Erdoğan’s ultimate goal, supported by many in his old party, the AKP, is creating a new constitution transforming the government into an “executive presidency,” though experts say it would give him dictator-like powers. However, the AKP’s 317 seats in Parliament are 13 short of the 330 needed to call for a referendum, which is necessary for any constitutional change.

“This would ring the bell for the end of the parliamentary system in Turkey. That’s it,” Kürkçü says.

He says if the HDP is forced out of parliament, it will lead to more radicalism in the conflict-ridden Kurdish southeast, as Kurds lose faith in the political system.

“It’s going to fuel the ongoing conflict. Kurdish people who had invested a lot of hopes in the HDP’s presence in the Parliament are going to lose all their hopes in the system.”

A stunning election victory for the HDP last June took many seats from the AKP, but Erdoğan ordered another election for November, which resulted in a major AKP win.

Thousands of Kurdish activists have been arrested since then, and hundreds of civilians have been killed in renewed violence between the state and the militant Kurdistan Workers’ Party (PKK), which started again last July.

In February, HDP MP Tuğba Hezer caused an uproar by attending a mourning ceremony with the family of Abdülbaki Sömer, the suicide bomber from the Kurdistan Freedom Falcons (TAK, possibly connected to the PKK) who killed 29 people in Ankara on February 17. Shortly afterwards, the Justice Ministry submitted a request to Parliament to lift HDP members’ immunity.
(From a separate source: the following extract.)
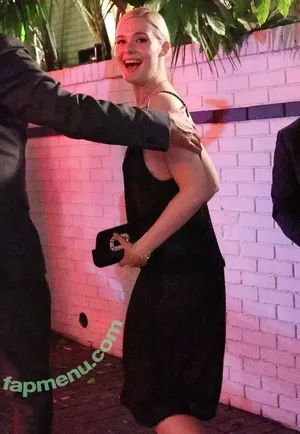 Elle Fanning / ellefanning nude photo #3502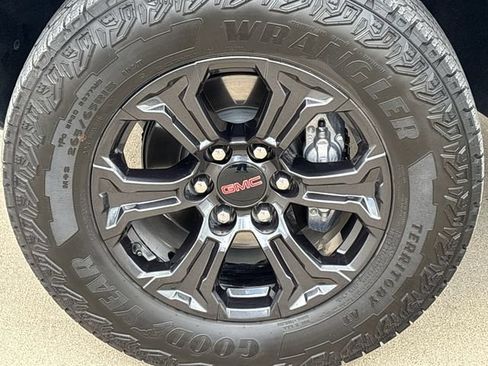 Used 2025 GMC Canyon Elevation w/ Convenience Package RWD image 10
Kürkçü said Hezer’s visit was “untimely and not carefully considered,” but pointed out that it was standard practice for politicians to visit their constituents during times of mourning.

“Our deputies and other deputies have joined condolence visits to many families who have lost their sons and daughters in conflicts.”

The government has arrested, detained, and dismissed many local Kurdish politicians from the HDP and its sister party in the southeast, the Democratic Regions Party (DBP).

According to documents provided to The Media Line from the HDP, since last August, 61 co-mayors and members of municipal and county councils have been arrested, and 56 have been removed from their posts, usually for charges related to terrorism or secessionism.

This doesn’t include the 17 local Kurdish politicians and a HDP finance director who have been detained, and four arrested, in the last week alone.

“All such legal battles started right after Erdoğan’s declaration of the end of the [peace] process last year,” Professor Gürbüz says. “Even AKP politicians see these attempts as politically motivated.”

Leyla İmret, Turkey’s youngest mayor, was dismissed from her post in Cizre last September for a mistranslated quote taken from the American magazine, Vice.

İmret said when locals set up ditches and barricades last summer to keep out state forces, she and the municipality tried to remove them.

“Despite this, they slandered us and started dismissing us from our posts,” she told The Media Line.

İmret says since the end of the peace process, violence has plagued the southeast.

“People in the region don’t feel safe anymore, so they move out of their homes.”